* WHAT TO WORK ON: Could you print exactly the lines of the listing below, starting at the line that has "怎样看八字都属阴阳,怎样看八字阴阳 命理 第1张" and ending at the line that has "Sheep Print Design", and only those lines?

BEGIN INPUT

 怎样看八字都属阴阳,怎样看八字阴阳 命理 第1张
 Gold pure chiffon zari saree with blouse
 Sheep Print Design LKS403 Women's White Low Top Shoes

END INPUT
BEGIN INPUT

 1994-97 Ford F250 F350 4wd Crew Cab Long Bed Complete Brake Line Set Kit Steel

END INPUT

* REPLY:
 怎样看八字都属阴阳,怎样看八字阴阳 命理 第1张
 Gold pure chiffon zari saree with blouse
 Sheep Print Design LKS403 Women's White Low Top Shoes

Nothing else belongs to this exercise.